DATASET SECTION:

>>>

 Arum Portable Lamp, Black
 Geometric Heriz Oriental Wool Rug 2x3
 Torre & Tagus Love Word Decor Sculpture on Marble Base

<<<

TASK STATEMENT:
Each line of the data must be copied exactly as it appears.

TASK RESPONSE:
 Arum Portable Lamp, Black
 Geometric Heriz Oriental Wool Rug 2x3
 Torre & Tagus Love Word Decor Sculpture on Marble Base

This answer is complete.